Qu’est-ce qui pousse à incarcérer davantage ? Contrairement à une idée reçue, ça n’est pas une hausse de la délinquance ou de la criminalité. C’est ce que conclue, entre autres, une étude menée dans les cantons de Genève et Vaud, en Suisse. Les résultats, publiés en juillet 2025, sont sans appel : “l’augmentation significative du nombre de personnes détenues dans les cantons de Genève et Vaud a précisément eu lieu pendant une période de baisse généralisée de la criminalité en Suisse, en particulier entre 2011 et 2018, années durant lesquelles a été observée une nette diminution de la plupart des infractions censées alimenter les incarcérations : vols, cambriolages, brigandages, et trafic de stupéfiants notamment”. Les auteur.ices concluent ainsi que : “L’idée que les prisons sont pleines parce que la criminalité est plus élevée à Genève et Vaud en comparaison avec d’autre cantons, ou encore parce que la criminalité est en constante augmentation au cours du temps, relève davantage de la croyance que de l’évidence scientifique”. Ce n’est pas la criminalité qui explique la surpopulation carcérale, mais plutôt l’inflation des conduites punies par la loi. Le nombre de comportements considérés comme une infraction, un délit, ou un crime augmente.

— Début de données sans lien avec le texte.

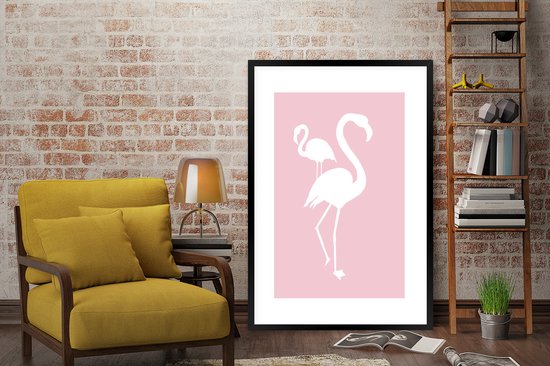 Silhouettes Witte de deux flamants roses sur fond rose clair 80x120 cm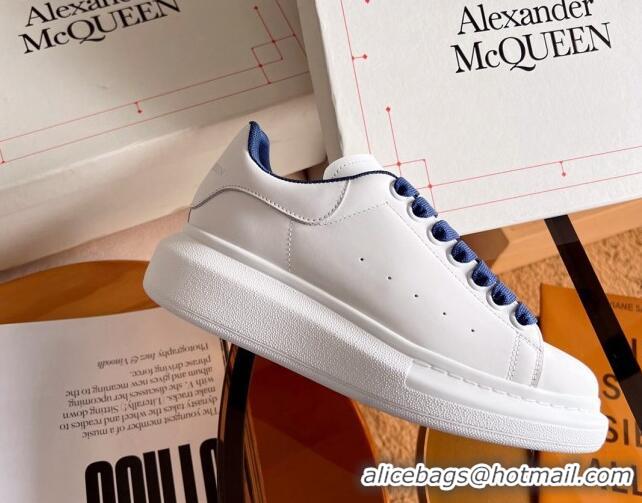 Perfect Alexander McQueen Oversized Sneakers in White Calf Leather Blue 0228129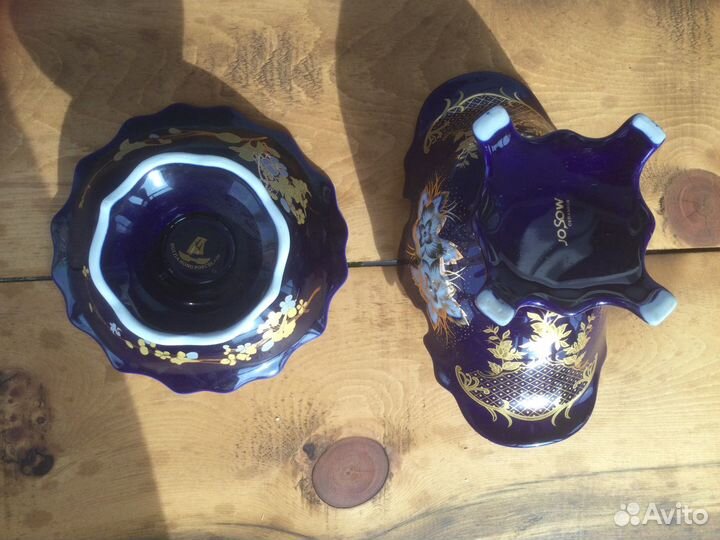 Вазы кобальт фарфор, стекло Богемия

En France, près de 3 600 nouvelles infractions pénales sont créées en onze ans, allant de la simple contravention au crime. Le racolage passif, l’occupation d’un terrain en réunion ou d’un hall d’immeuble ou encore le défaut de permis de conduire constituent désormais des actes répréhensibles.
Cette extension du filet pénal, selon une logique implacable, conduit nécessairement à l’augmentation du nombre de personnes condamnées puis incarcérées. Le recours croissant aux peines d’emprisonnement alourdit le bilan, même quand celles-ci sont de courte durée. En Suisse, 66 % des personnes détenues libérées en 2022 ont passé moins de trois mois en détention. La même année, en Angleterre et au Pays de Galles, près de deux personnes sur cinq ont été condamnées à une peine de prison de moins de six mois.
Le recours à la détention préventive augmente également dans de nombreux pays européens. En France, le nombre de personnes enfermées dans l’attente de leur jugement augmente de près de 19 % entre 2023 et 2024 ; en Norvège de plus de 45 %, et au Portugal de presque 9,5 %.
Les procédures de jugement rapide, comme les comparutions immédiates en France, accélèrent le traitement des affaires tout en conduisant souvent à des peines plus sévères — contribuant à remplir les prisons.
L’allongement des peines, dans certains pays, a un impact sérieux sur la surpopulation carcérale. C’est le cas en Angleterre et au Pays de Galles, où la durée de détention moyenne est bien plus longue que 25 ans plus tôt.